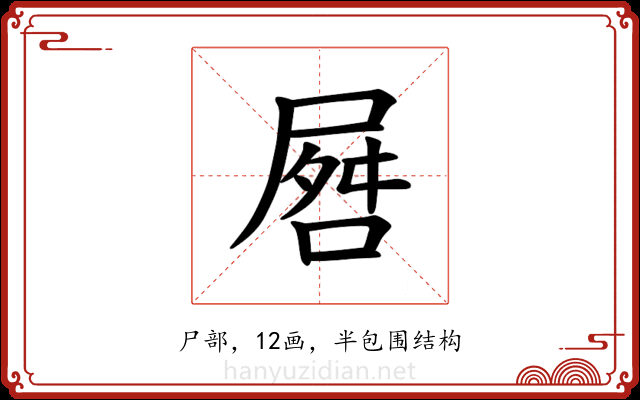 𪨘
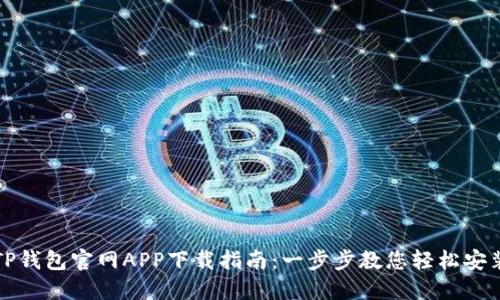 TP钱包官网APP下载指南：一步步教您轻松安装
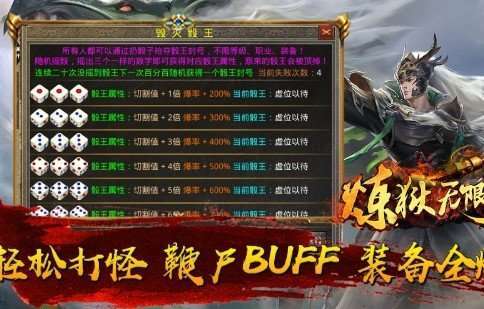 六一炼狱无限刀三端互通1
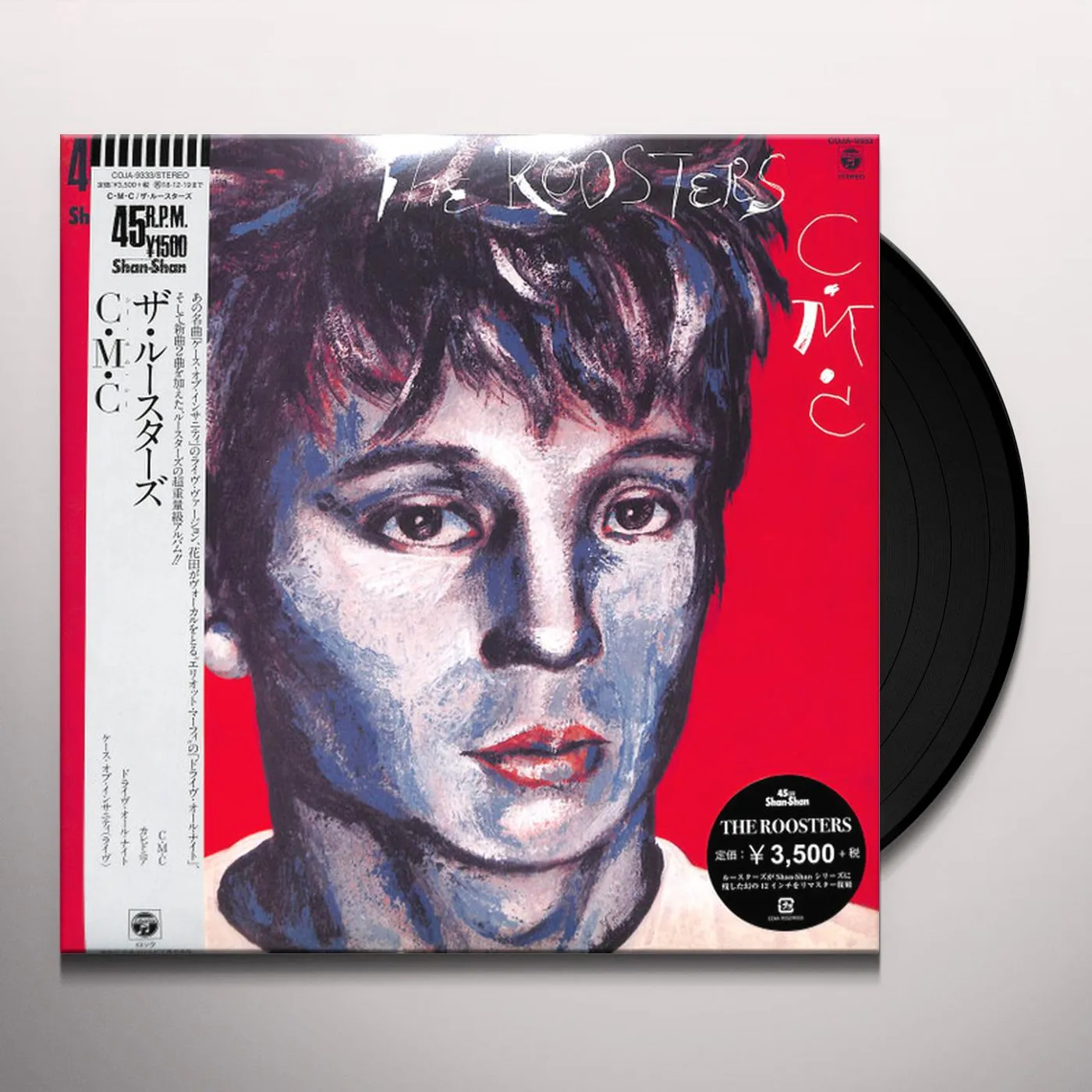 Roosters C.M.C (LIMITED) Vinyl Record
* * * * * * * * *
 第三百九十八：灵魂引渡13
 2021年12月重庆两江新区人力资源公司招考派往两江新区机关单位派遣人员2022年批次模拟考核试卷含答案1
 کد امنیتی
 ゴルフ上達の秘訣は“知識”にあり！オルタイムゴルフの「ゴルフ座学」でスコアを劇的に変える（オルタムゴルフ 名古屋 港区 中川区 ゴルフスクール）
* * * * * * * * *
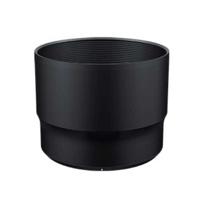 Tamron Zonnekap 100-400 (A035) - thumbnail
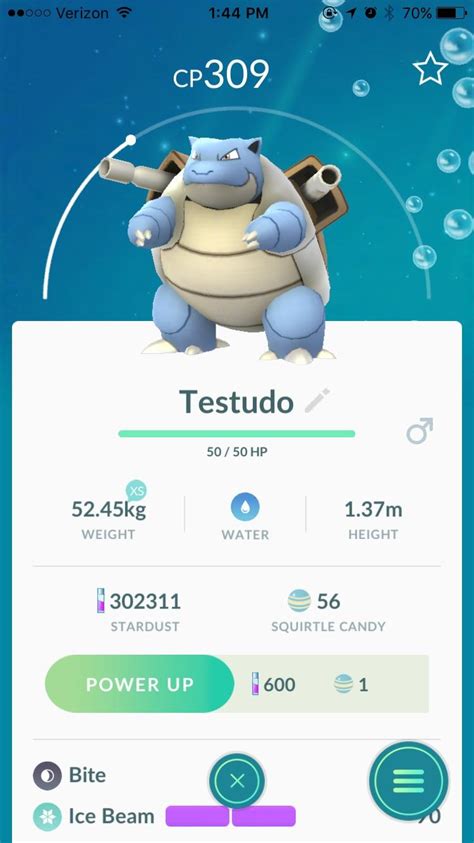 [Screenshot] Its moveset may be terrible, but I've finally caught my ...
* * * * * * * * *
Your instructions — Quote the listing above, but only from the line that shows "第三百九十八：灵魂引渡13" through the line that shows "港区 中川区 ゴルフスクール）".

Written answer —
 第三百九十八：灵魂引渡13
 2021年12月重庆两江新区人力资源公司招考派往两江新区机关单位派遣人员2022年批次模拟考核试卷含答案1
 کد امنیتی
 ゴルフ上達の秘訣は“知識”にあり！オルタイムゴルフの「ゴルフ座学」でスコアを劇的に変える（オルタムゴルフ 名古屋 港区 中川区 ゴルフスクール）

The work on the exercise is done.